:: Task prompt ::
An exact copy of every entry below is needed.

(Dataset excerpts)
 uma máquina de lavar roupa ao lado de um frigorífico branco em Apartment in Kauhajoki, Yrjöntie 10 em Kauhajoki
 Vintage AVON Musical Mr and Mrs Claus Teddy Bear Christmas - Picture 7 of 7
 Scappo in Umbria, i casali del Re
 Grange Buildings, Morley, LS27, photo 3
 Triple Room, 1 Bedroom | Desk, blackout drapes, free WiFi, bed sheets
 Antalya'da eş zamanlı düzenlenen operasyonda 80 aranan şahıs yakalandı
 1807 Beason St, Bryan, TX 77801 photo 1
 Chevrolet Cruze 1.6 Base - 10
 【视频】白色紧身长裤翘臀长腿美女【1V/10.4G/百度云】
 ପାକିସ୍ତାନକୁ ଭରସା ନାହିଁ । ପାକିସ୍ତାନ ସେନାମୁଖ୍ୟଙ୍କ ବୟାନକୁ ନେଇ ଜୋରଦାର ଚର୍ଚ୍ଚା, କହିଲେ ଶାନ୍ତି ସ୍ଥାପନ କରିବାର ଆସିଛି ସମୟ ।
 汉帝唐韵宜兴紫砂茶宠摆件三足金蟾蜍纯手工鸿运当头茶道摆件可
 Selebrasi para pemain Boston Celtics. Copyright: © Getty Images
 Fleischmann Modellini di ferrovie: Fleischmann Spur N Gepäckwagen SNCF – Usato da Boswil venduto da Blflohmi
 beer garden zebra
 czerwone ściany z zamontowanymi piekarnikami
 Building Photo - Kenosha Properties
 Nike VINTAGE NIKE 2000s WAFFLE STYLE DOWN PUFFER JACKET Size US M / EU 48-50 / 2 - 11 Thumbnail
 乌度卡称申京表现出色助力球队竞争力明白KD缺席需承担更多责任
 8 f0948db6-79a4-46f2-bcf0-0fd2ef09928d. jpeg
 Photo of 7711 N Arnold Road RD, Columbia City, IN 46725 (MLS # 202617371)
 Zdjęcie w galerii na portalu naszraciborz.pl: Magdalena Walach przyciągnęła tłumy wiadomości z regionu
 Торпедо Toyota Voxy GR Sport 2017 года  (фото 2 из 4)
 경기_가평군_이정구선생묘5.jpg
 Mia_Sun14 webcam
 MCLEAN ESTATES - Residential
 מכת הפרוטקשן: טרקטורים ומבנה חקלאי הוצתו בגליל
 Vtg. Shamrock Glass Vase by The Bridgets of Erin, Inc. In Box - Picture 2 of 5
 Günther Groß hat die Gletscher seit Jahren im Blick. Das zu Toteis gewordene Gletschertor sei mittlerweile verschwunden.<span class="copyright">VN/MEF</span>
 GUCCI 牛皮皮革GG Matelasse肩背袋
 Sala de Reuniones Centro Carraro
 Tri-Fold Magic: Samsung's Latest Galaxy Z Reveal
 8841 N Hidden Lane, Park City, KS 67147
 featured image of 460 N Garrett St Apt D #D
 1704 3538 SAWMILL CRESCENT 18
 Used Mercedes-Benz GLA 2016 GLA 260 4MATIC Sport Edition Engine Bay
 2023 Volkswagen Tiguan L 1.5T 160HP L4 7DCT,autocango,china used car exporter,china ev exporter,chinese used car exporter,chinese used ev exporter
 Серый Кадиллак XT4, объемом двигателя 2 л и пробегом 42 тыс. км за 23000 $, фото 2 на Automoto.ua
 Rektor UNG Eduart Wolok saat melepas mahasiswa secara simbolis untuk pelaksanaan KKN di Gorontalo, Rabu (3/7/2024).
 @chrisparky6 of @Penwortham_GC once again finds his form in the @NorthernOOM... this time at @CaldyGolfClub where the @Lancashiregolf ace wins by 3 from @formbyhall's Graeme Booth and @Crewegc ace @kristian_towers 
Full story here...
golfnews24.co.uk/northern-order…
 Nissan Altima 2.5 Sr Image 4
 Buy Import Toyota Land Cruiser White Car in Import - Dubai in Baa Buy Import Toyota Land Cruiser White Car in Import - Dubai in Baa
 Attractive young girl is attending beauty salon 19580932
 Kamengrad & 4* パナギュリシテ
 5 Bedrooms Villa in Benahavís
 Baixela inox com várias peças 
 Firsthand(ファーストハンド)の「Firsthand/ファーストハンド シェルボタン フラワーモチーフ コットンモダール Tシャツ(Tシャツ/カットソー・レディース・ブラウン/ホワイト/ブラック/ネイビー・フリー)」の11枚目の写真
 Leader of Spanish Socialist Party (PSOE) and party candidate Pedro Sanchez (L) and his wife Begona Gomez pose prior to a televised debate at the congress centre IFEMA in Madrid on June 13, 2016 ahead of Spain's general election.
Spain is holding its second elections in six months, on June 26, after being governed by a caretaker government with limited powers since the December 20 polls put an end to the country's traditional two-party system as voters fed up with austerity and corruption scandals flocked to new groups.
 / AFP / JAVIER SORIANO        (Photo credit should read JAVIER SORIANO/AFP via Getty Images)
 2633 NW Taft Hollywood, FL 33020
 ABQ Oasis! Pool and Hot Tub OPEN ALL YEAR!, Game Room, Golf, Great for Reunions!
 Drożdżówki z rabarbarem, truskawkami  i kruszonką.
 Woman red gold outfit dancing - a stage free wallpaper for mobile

:: Answer below ::
 uma máquina de lavar roupa ao lado de um frigorífico branco em Apartment in Kauhajoki, Yrjöntie 10 em Kauhajoki
 Vintage AVON Musical Mr and Mrs Claus Teddy Bear Christmas - Picture 7 of 7
 Scappo in Umbria, i casali del Re
 Grange Buildings, Morley, LS27, photo 3
 Triple Room, 1 Bedroom | Desk, blackout drapes, free WiFi, bed sheets
 Antalya'da eş zamanlı düzenlenen operasyonda 80 aranan şahıs yakalandı
 1807 Beason St, Bryan, TX 77801 photo 1
 Chevrolet Cruze 1.6 Base - 10
 【视频】白色紧身长裤翘臀长腿美女【1V/10.4G/百度云】
 ପାକିସ୍ତାନକୁ ଭରସା ନାହିଁ । ପାକିସ୍ତାନ ସେନାମୁଖ୍ୟଙ୍କ ବୟାନକୁ ନେଇ ଜୋରଦାର ଚର୍ଚ୍ଚା, କହିଲେ ଶାନ୍ତି ସ୍ଥାପନ କରିବାର ଆସିଛି ସମୟ ।
 汉帝唐韵宜兴紫砂茶宠摆件三足金蟾蜍纯手工鸿运当头茶道摆件可
 Selebrasi para pemain Boston Celtics. Copyright: © Getty Images
 Fleischmann Modellini di ferrovie: Fleischmann Spur N Gepäckwagen SNCF – Usato da Boswil venduto da Blflohmi
 beer garden zebra
 czerwone ściany z zamontowanymi piekarnikami
 Building Photo - Kenosha Properties
 Nike VINTAGE NIKE 2000s WAFFLE STYLE DOWN PUFFER JACKET Size US M / EU 48-50 / 2 - 11 Thumbnail
 乌度卡称申京表现出色助力球队竞争力明白KD缺席需承担更多责任
 8 f0948db6-79a4-46f2-bcf0-0fd2ef09928d. jpeg
 Photo of 7711 N Arnold Road RD, Columbia City, IN 46725 (MLS # 202617371)
 Zdjęcie w galerii na portalu naszraciborz.pl: Magdalena Walach przyciągnęła tłumy wiadomości z regionu
 Торпедо Toyota Voxy GR Sport 2017 года  (фото 2 из 4)
 경기_가평군_이정구선생묘5.jpg
 Mia_Sun14 webcam
 MCLEAN ESTATES - Residential
 מכת הפרוטקשן: טרקטורים ומבנה חקלאי הוצתו בגליל
 Vtg. Shamrock Glass Vase by The Bridgets of Erin, Inc. In Box - Picture 2 of 5
 Günther Groß hat die Gletscher seit Jahren im Blick. Das zu Toteis gewordene Gletschertor sei mittlerweile verschwunden.<span class="copyright">VN/MEF</span>
 GUCCI 牛皮皮革GG Matelasse肩背袋
 Sala de Reuniones Centro Carraro
 Tri-Fold Magic: Samsung's Latest Galaxy Z Reveal
 8841 N Hidden Lane, Park City, KS 67147
 featured image of 460 N Garrett St Apt D #D
 1704 3538 SAWMILL CRESCENT 18
 Used Mercedes-Benz GLA 2016 GLA 260 4MATIC Sport Edition Engine Bay
 2023 Volkswagen Tiguan L 1.5T 160HP L4 7DCT,autocango,china used car exporter,china ev exporter,chinese used car exporter,chinese used ev exporter
 Серый Кадиллак XT4, объемом двигателя 2 л и пробегом 42 тыс. км за 23000 $, фото 2 на Automoto.ua
 Rektor UNG Eduart Wolok saat melepas mahasiswa secara simbolis untuk pelaksanaan KKN di Gorontalo, Rabu (3/7/2024).
 @chrisparky6 of @Penwortham_GC once again finds his form in the @NorthernOOM... this time at @CaldyGolfClub where the @Lancashiregolf ace wins by 3 from @formbyhall's Graeme Booth and @Crewegc ace @kristian_towers 
Full story here...
golfnews24.co.uk/northern-order…
 Nissan Altima 2.5 Sr Image 4
 Buy Import Toyota Land Cruiser White Car in Import - Dubai in Baa Buy Import Toyota Land Cruiser White Car in Import - Dubai in Baa
 Attractive young girl is attending beauty salon 19580932
 Kamengrad & 4* パナギュリシテ
 5 Bedrooms Villa in Benahavís
 Baixela inox com várias peças 
 Firsthand(ファーストハンド)の「Firsthand/ファーストハンド シェルボタン フラワーモチーフ コットンモダール Tシャツ(Tシャツ/カットソー・レディース・ブラウン/ホワイト/ブラック/ネイビー・フリー)」の11枚目の写真
 Leader of Spanish Socialist Party (PSOE) and party candidate Pedro Sanchez (L) and his wife Begona Gomez pose prior to a televised debate at the congress centre IFEMA in Madrid on June 13, 2016 ahead of Spain's general election.
Spain is holding its second elections in six months, on June 26, after being governed by a caretaker government with limited powers since the December 20 polls put an end to the country's traditional two-party system as voters fed up with austerity and corruption scandals flocked to new groups.
 / AFP / JAVIER SORIANO        (Photo credit should read JAVIER SORIANO/AFP via Getty Images)
 2633 NW Taft Hollywood, FL 33020
 ABQ Oasis! Pool and Hot Tub OPEN ALL YEAR!, Game Room, Golf, Great for Reunions!
 Drożdżówki z rabarbarem, truskawkami  i kruszonką.
 Woman red gold outfit dancing - a stage free wallpaper for mobile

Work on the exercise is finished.